● **Task details**
Only the lines below between the one holding "Buy cheap 4mm" and the one holding "Teva Manatee Sandaler Børn CROWN BLUE", inclusive, are to be reproduced word for word; the pictures are to be left out.

Image-caption web data

————————

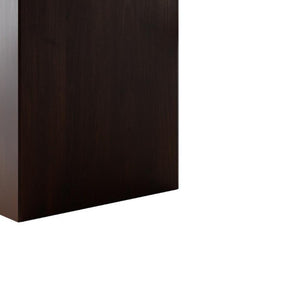 79 Inch Oval Walnut Dining Table with Double Pedestal Base for Elegant Spaces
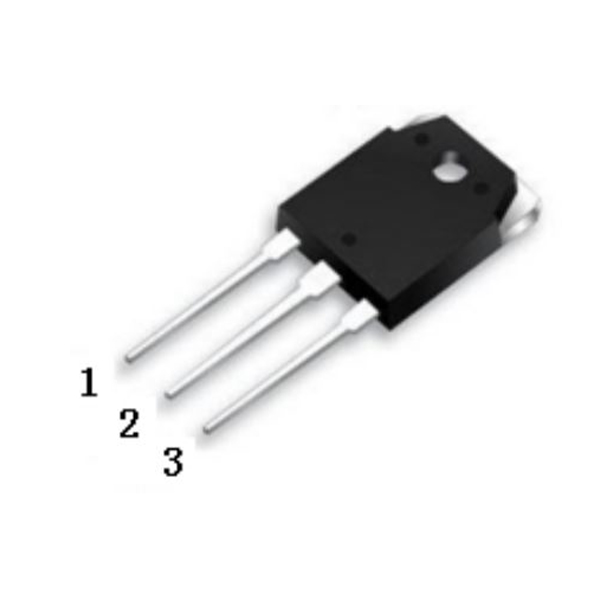 RT80F20PN Ultrafast Soft Recovery FRD diode-rongtechsemi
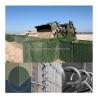 Buy cheap 4mm Galvanized Wire Welded Barrier For Construction Wire Mesh from wholesalers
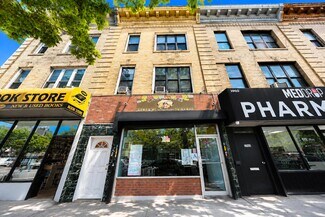 Plus de détails pour 1962 Coney Island Ave, Brooklyn, NY - Commerce de détail à vendre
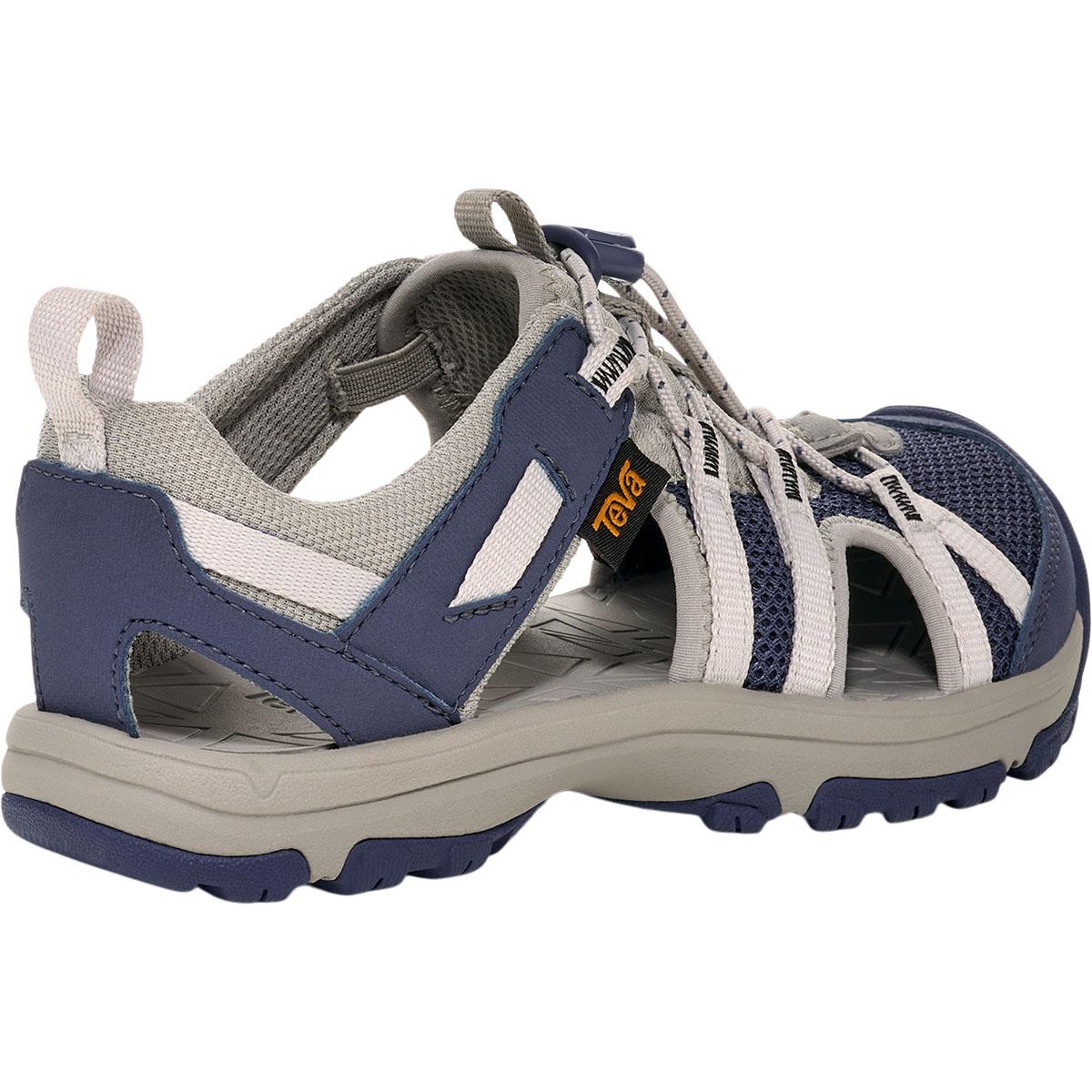Teva Manatee Sandaler Børn CROWN BLUE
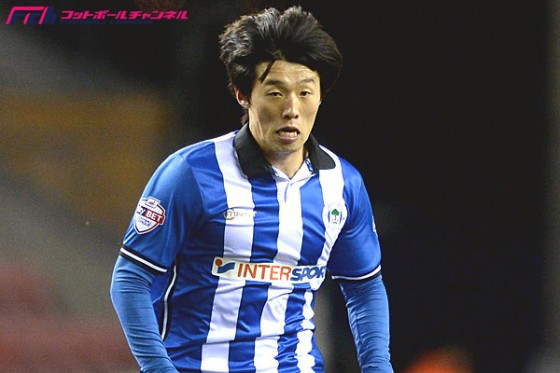 ビザ不許可、テスト不合格…欧州で苦節味わった韓国代表キム・ボギョン、J1松本へ加入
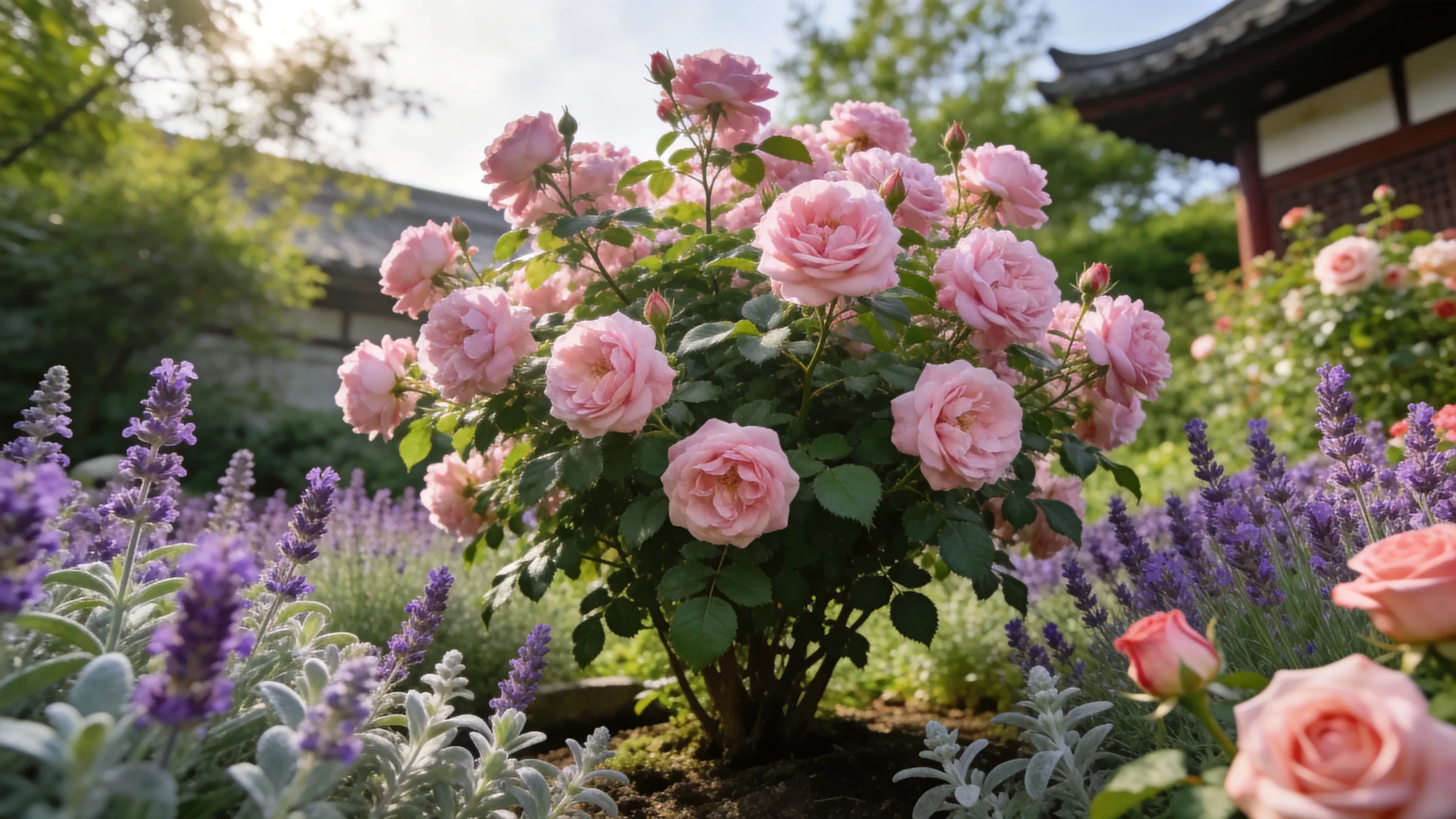 Lilas du Japon Rose : Guide Complet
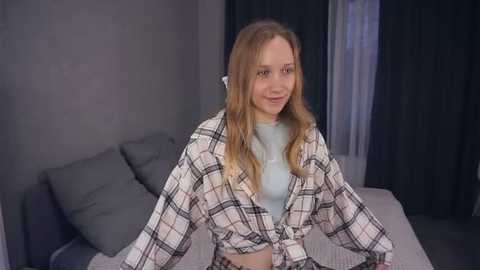 earnestinegyllenband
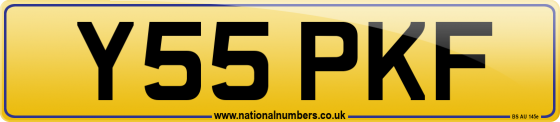 Y55 PKF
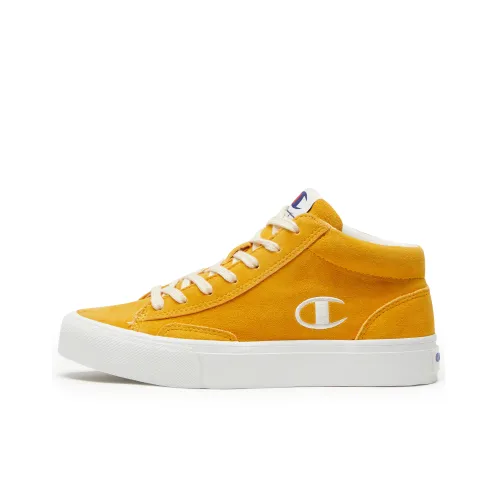 Champion Скейтборд Кроссовки MID Топ Мужской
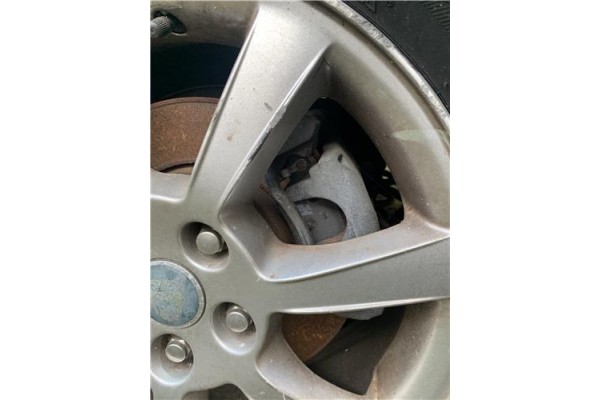 Recambio de pinza freno trasero izquierda para jaguar x-type 2.0 d executive referencia OEM IAM C2S18004 C2S43449 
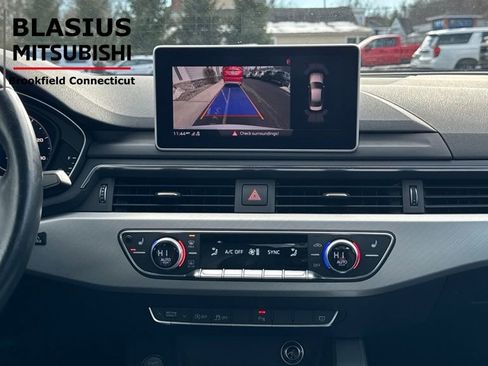 Used 2017 Audi A4 2.0T Premium Plus image 17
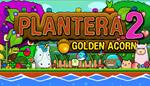 * Plantera 2: Golden Acorn | Steam РУ+UA+KZ+СНГ*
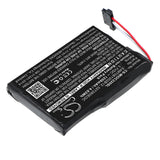 Pioneer AVIC-S1 Battery 3.7V 1250mAh - Compatible Replacement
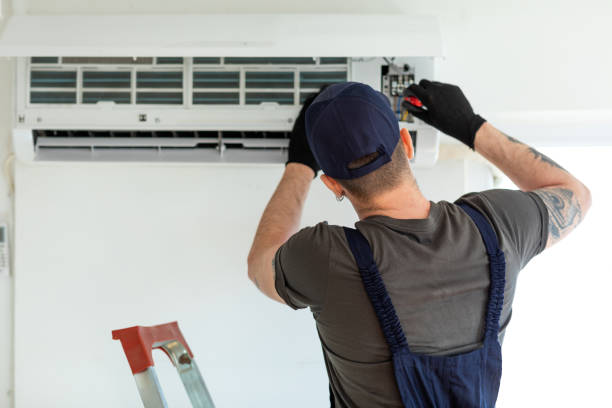 Best HVAC System Cleaning  in Deatsville, AL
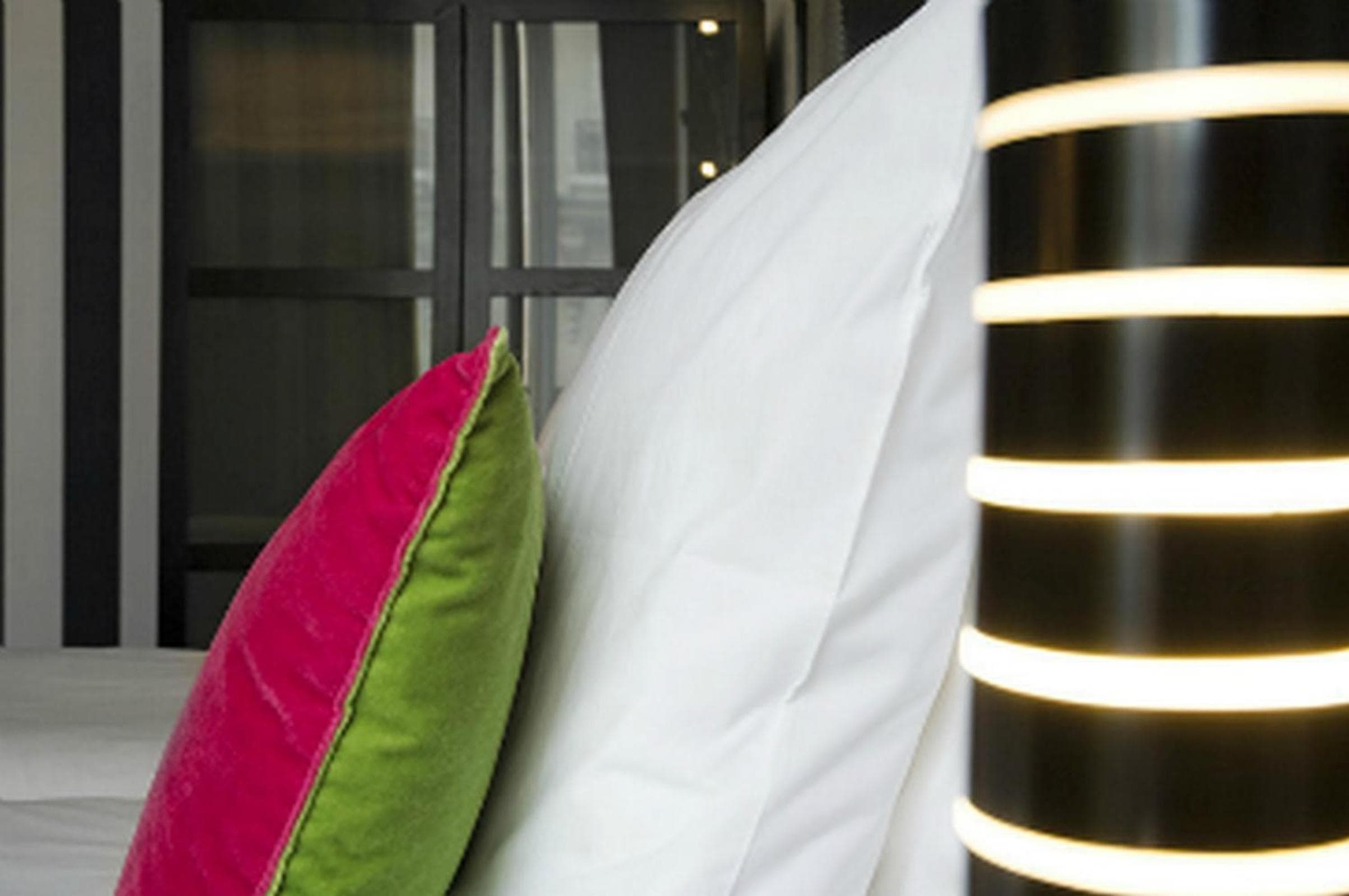 Hotel Peyris Opera — 28
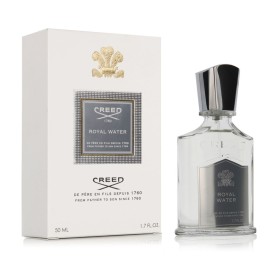 Unisex Perfume Creed EDP Royal Water 50 ml by Creed, Eau de Perfume - Ref: S8310128, Price: 156,09 €, Discount: %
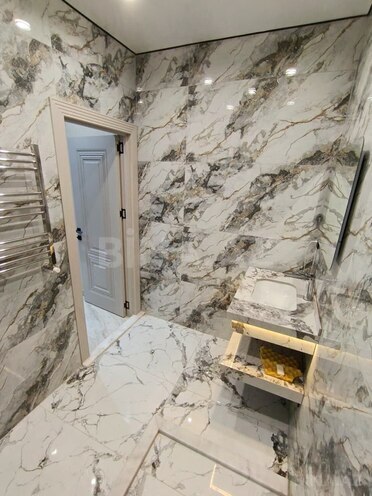 İcarəyə verilir 2 otaqlı yeni tikili 74 m², Nərimanov r., photo 10 from 11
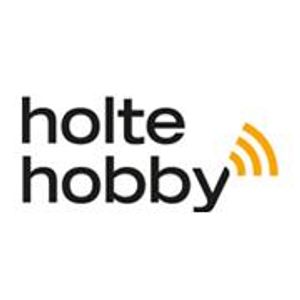 Holte Modelhob Logo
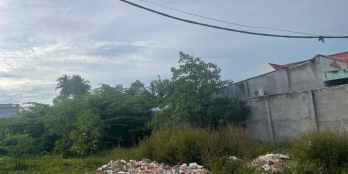 Bán Đất 159m² Đường Nguyễn Văn Cừ, Tân Thiện, LaGi – Phù Hợp Kinh Doanh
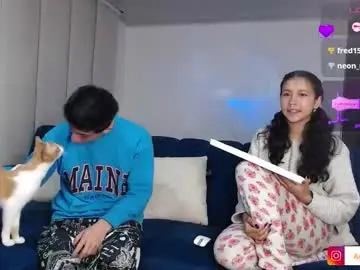 Chaturbate Best Webcam of ashely_ryan24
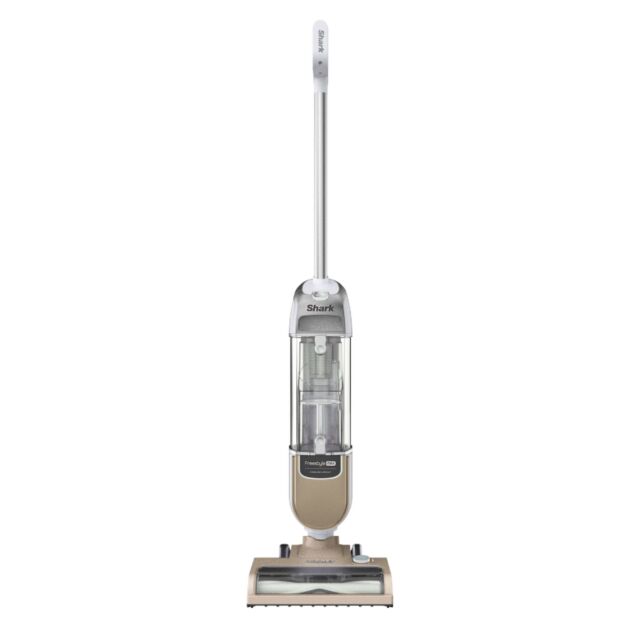 SV2000UK Cordless Upright Vacuum Cleaner - Stone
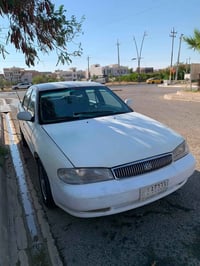 كريدوس • رقم كركوك • تبريد ثلج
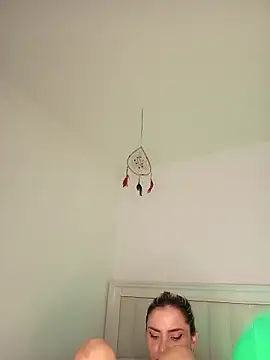 ASHLEY BLAIR online show from November 5, 9:51 pm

————————

● **Task response**
 Buy cheap 4mm Galvanized Wire Welded Barrier For Construction Wire Mesh from wholesalers
 Plus de détails pour 1962 Coney Island Ave, Brooklyn, NY - Commerce de détail à vendre
Teva Manatee Sandaler Børn CROWN BLUE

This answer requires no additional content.